What you will do - Below are records to be copied exactly; their pictures are to be omitted.

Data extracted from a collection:
· · · · ·

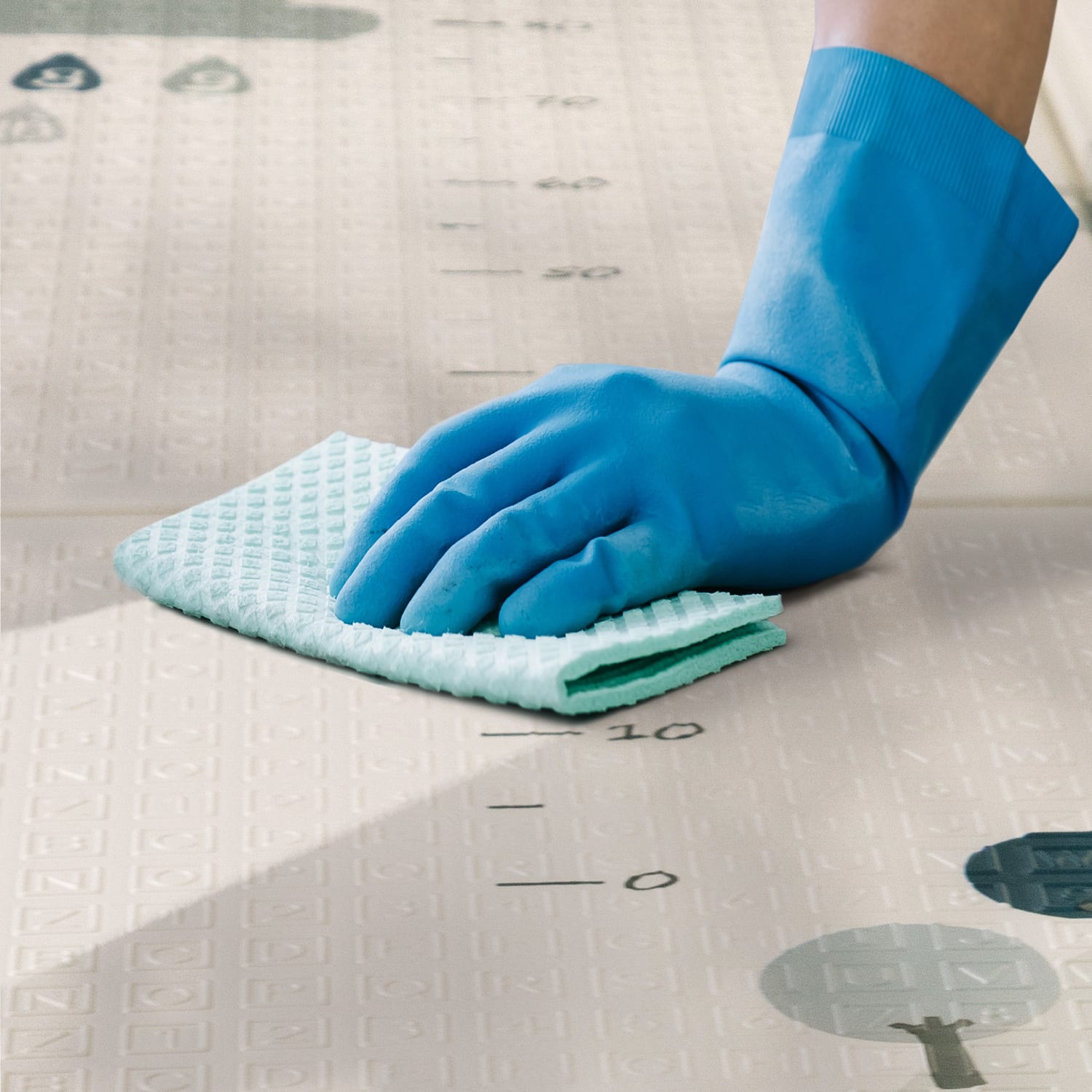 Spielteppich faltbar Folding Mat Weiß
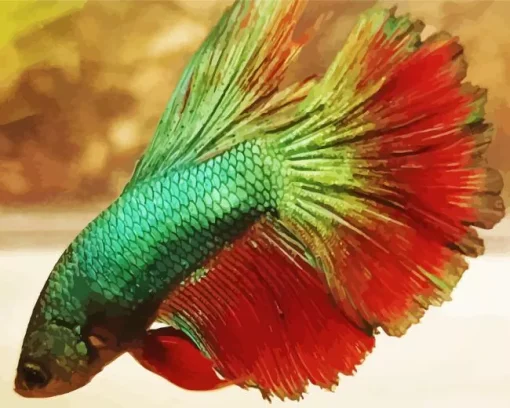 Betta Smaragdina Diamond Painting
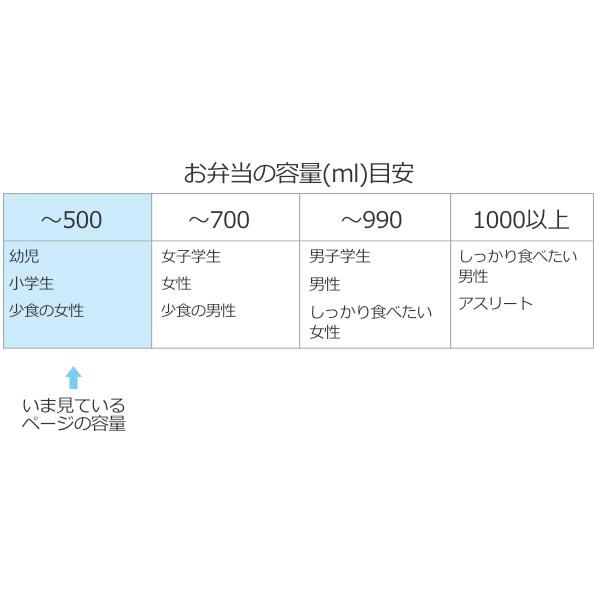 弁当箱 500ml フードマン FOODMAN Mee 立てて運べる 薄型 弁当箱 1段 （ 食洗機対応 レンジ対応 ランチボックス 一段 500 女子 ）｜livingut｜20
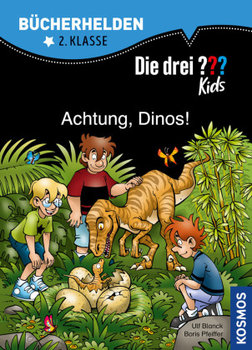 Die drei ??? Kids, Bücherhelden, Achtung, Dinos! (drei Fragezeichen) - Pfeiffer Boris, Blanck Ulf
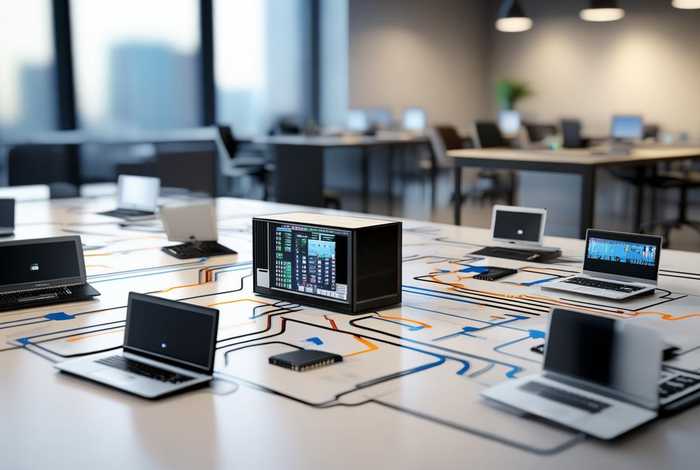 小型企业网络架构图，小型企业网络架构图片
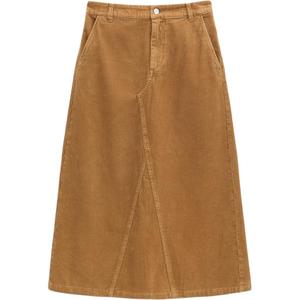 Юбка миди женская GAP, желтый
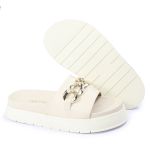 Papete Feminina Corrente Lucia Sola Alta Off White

· · · · ·

Exercise result -
 Spielteppich faltbar Folding Mat Weiß
 Betta Smaragdina Diamond Painting
 弁当箱 500ml フードマン FOODMAN Mee 立てて運べる 薄型 弁当箱 1段 （ 食洗機対応 レンジ対応 ランチボックス 一段 500 女子 ）｜livingut｜20
 Die drei ??? Kids, Bücherhelden, Achtung, Dinos! (drei Fragezeichen) - Pfeiffer Boris, Blanck Ulf
 小型企业网络架构图，小型企业网络架构图片
 Юбка миди женская GAP, желтый
 Papete Feminina Corrente Lucia Sola Alta Off White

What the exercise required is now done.